• _Problem statement_
Having located "Un Extraño de John Lavery", write out its line and the remaining lines of the material exactly, the last one included, but not the pictures.

• _Records for this exercise_
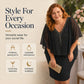 🌸2026 Summer Specials💐Rhinestone V-Neck Cape Dress with Chiffon Overlay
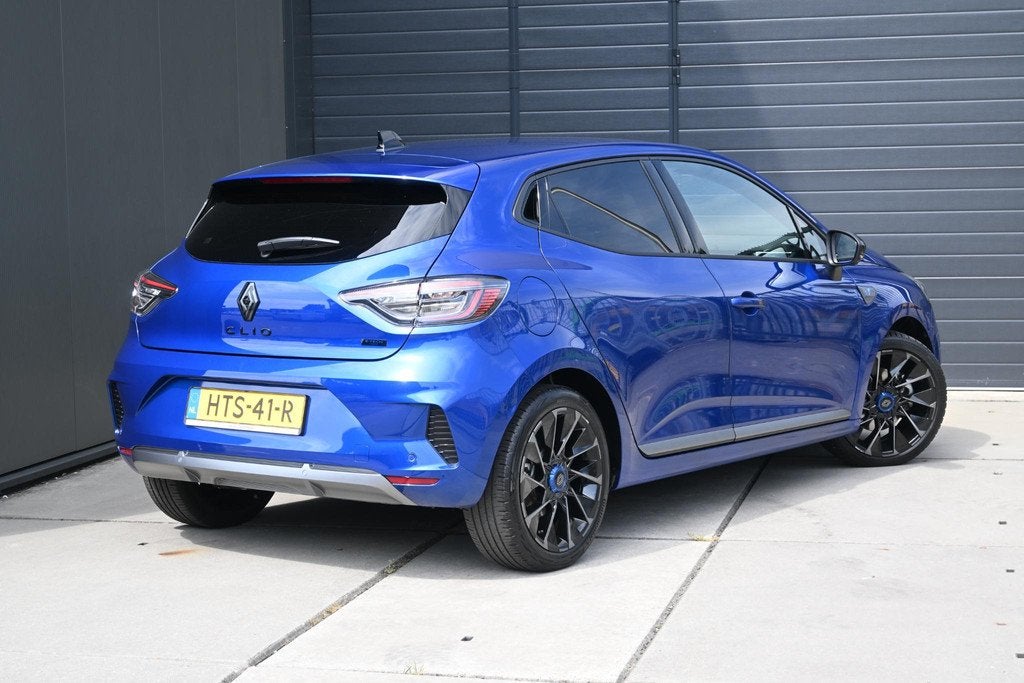 Renault Clio E-Tech Full Hybrid 145 esprit Alpine | 360 CAME, Gebruikt, Euro 6, Blauw, Leder en Stof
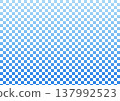 Japanese checkered pattern, summer, light blue and white gradation 137992523
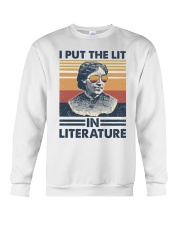 I Put The Lit In Literature Louisa May Alcott Crewneck Sweatshirt tile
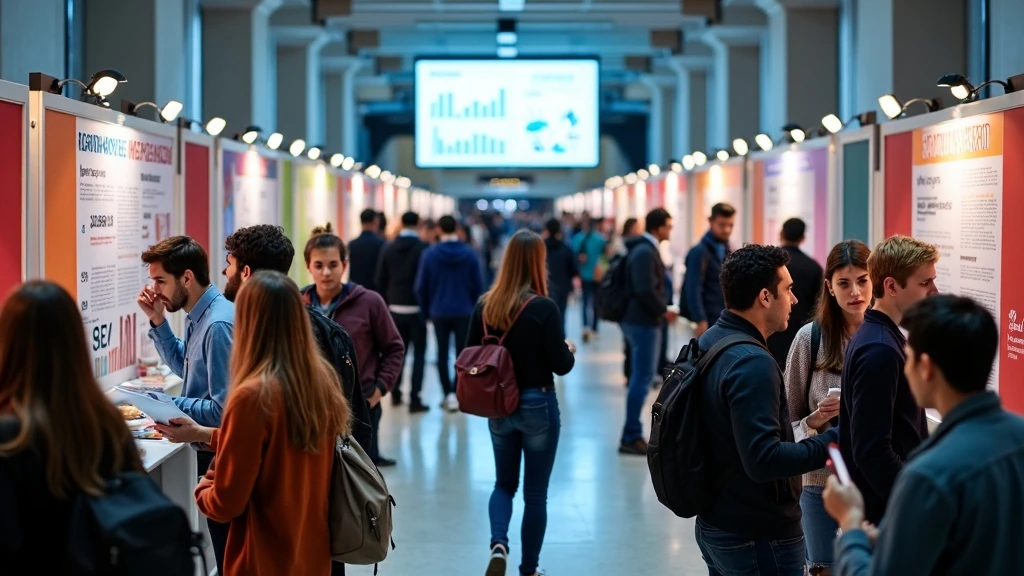 Karriervásár digitális kijelzővel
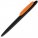 3389.32 - Ручка шариковая Prodir DS5 TRR-P Soft Touch, черная с оранжевым
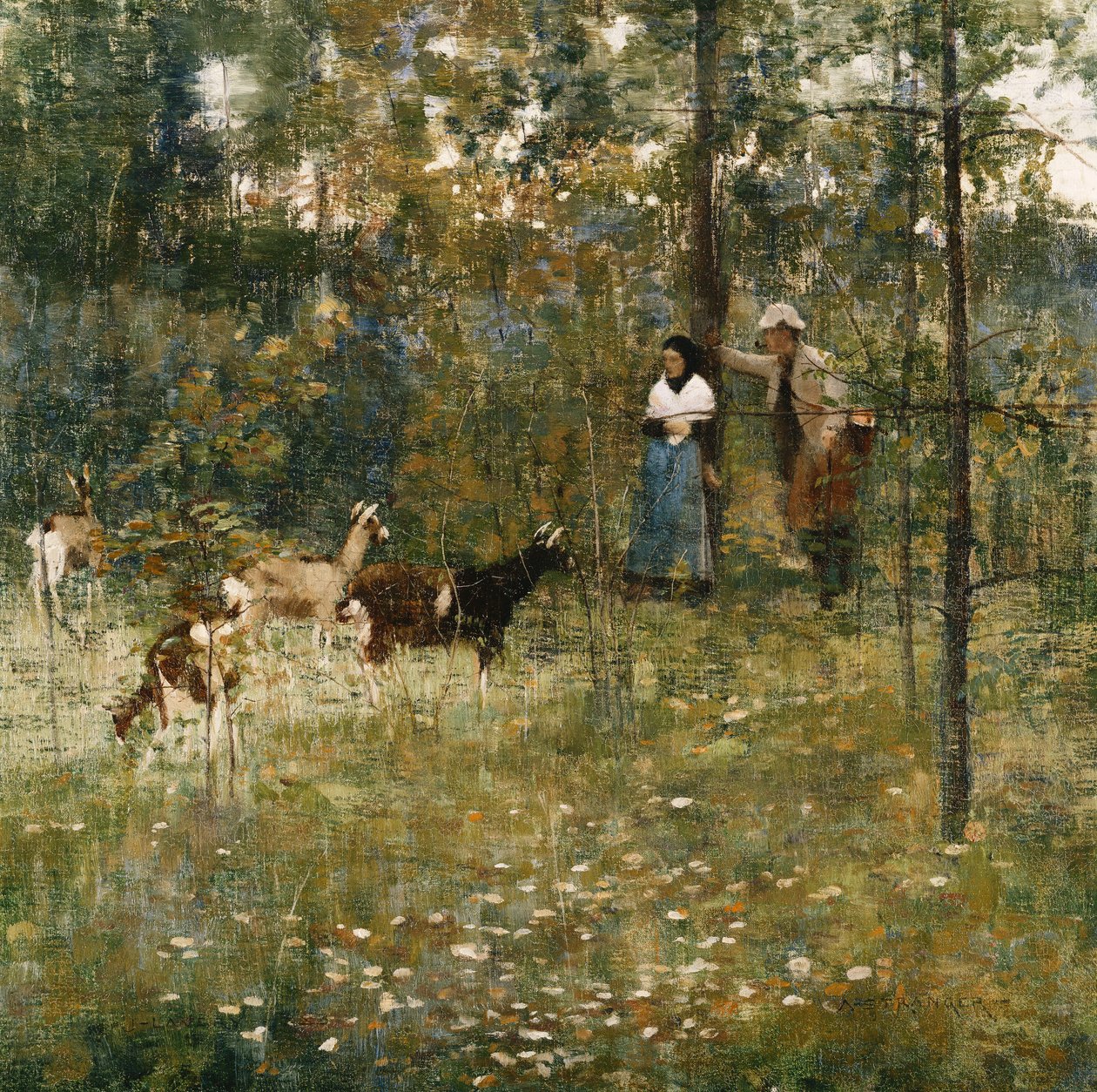 Un Extraño de John Lavery
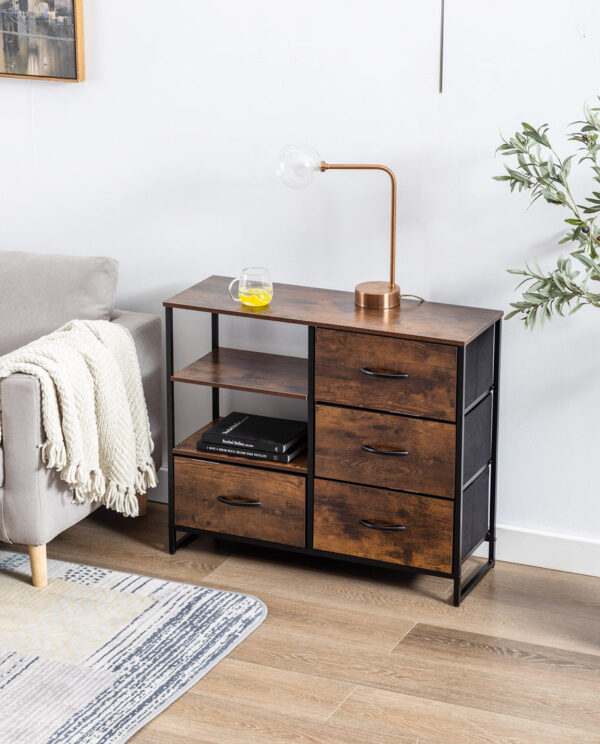Western Style 4 Drawer Combo Dresser - Image 4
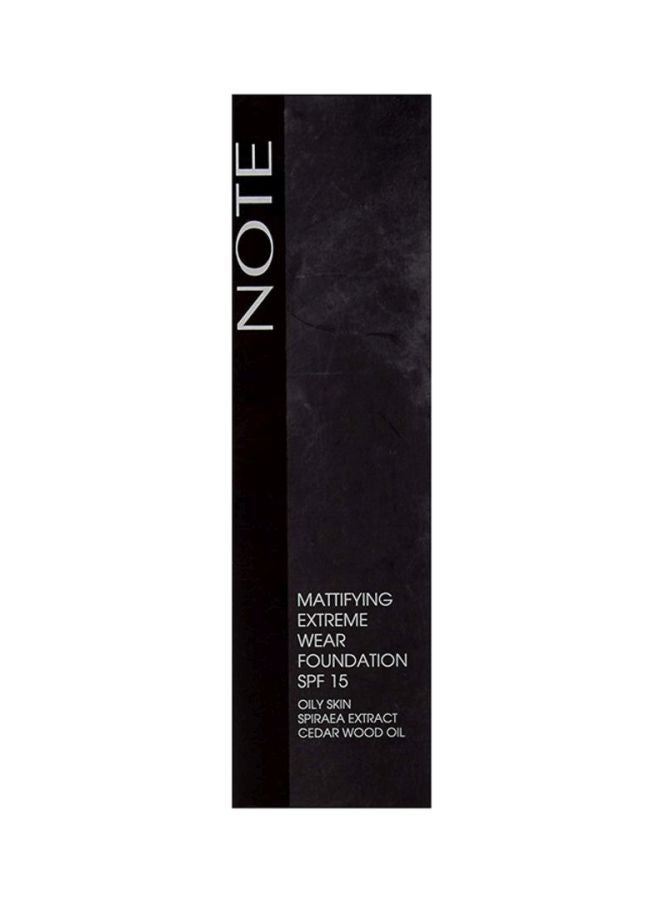 Note Mattifying Extreme Wear Foundation With SPF 15 02 Natural Beige - Image 3
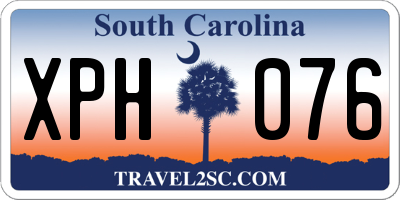SC license plate XPH076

• _Task answer_
 Un Extraño de John Lavery
Western Style 4 Drawer Combo Dresser - Image 4
 Note Mattifying Extreme Wear Foundation With SPF 15 02 Natural Beige - Image 3
SC license plate XPH076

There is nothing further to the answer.